Godaddy shared hosting get blocked out (probably by mod_security) when using some scripts.

[SuperBaby]

I have two different file management scripts installed. They are available free from Filegator.com and Nextcloud.com.

When I try to use the search feature in Filegator and to edit a display text in Nextcloud (see screenshots attached), I will be blocked out (most probably by mod_security). When this happens, I have to restart my modem to acquire a new IP address so that I can access the sites again.

mod_security control is NOT available in cPanel interface of Godaddy shared hosting. I have talked to Godaddy support team and it seems that they did not know what was happening and how to help me out.

Is there a way for me to do something. I tried to add this in htaccess file and placed it under the root but it was not working.

<IfModule mod_security.c>
SecFilterEngine Off
SecFilterScanPOST Off
</IfModule>

 

[cPanelLauren]

The pictures of the program's search bars are not really helpful. What is the error you're receiving and/or what is reported in the error logs which can be found in cPanel>>Metrics>>Errors

 

[SuperBaby]

I am on Godaddy shared hosting. Unfortunately there is no useful screenshot I can show. Because when the alarm is triggered, there is no error message. The site simply halts.

I have also check the error log and there is nothing recorded.

I tried to disable mod_security in htaccess file but it is not working.

 

[ZenHostingTravis]

It sounds like you're not getting the support you need from the GoDaddy team.

If a rule is being triggered, they should be able to disable it for you or take other action to assist you further.

 

[SuperBaby]

It sounds like you're not getting the support you need from the GoDaddy team.

If a rule is being triggered, they should be able to disable it for you or take other action to assist you further.

Yeah... I told Godaddy to whitelist my domain under the mod_security whitelist. They asked me to upgrade to virtual or dedicated server. Well, I have just downgraded from a dedicated server.

 

[ZenHostingTravis]

Yeah... I told Godaddy to whitelist my domain under the mod_security whitelist. They asked me to upgrade to virtual or dedicated server. Well, I have just downgraded from a dedicated server.

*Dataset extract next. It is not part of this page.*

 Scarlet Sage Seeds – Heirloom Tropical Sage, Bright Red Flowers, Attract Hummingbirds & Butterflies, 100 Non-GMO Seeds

It really shouldn't matter if you're on shared hosting or a VPS / dedicated server.

 

[SuperBaby]

It really shouldn't matter if you're on shared hosting or a VPS / dedicated server.

Yes, that was what I thought. Terrible.

 

[cPanelLauren]

I'm not sure what they include in their shared plans but cPanel does provide a ModSecurity interface at cPanel>>Security>>ModSecurity where you can disable it for your domains (1 or all) which might help you confirm whether or not it is ModSecurity, that is if they include this interface in the plan.

If they do and you can confirm it works with ModSecurity disabled, GoDaddy does have the ability to look at ModSecurity logs and tell you which rule is being matched and what that rule entails so that you can better manage your site to avoid false positives.

 

[SuperBaby]

I'm not sure what they include in their shared plans but cPanel does provide a ModSecurity interface at cPanel>>Security>>ModSecurity where you can disable it for your domains (1 or all) which might help you confirm whether or not it is ModSecurity, that is if they include this interface in the plan.

If they do and you can confirm it works with ModSecurity disabled, GoDaddy does have the ability to look at ModSecurity logs and tell you which rule is being matched and what that rule entails so that you can better manage your site to avoid false positives.

Unfortunately Godaddy has turned it off for shared hosting. I know the existence of this feature as I have managed a dedicated server before.

 

[cPanelLauren]

Unfortunately Godaddy has turned it off for shared hosting. I know the existence of this feature as I have managed a dedicated server before.

Yea and if they are unwilling to provide you the rule that is being matched as well as how it is avoided you're a bit stuck.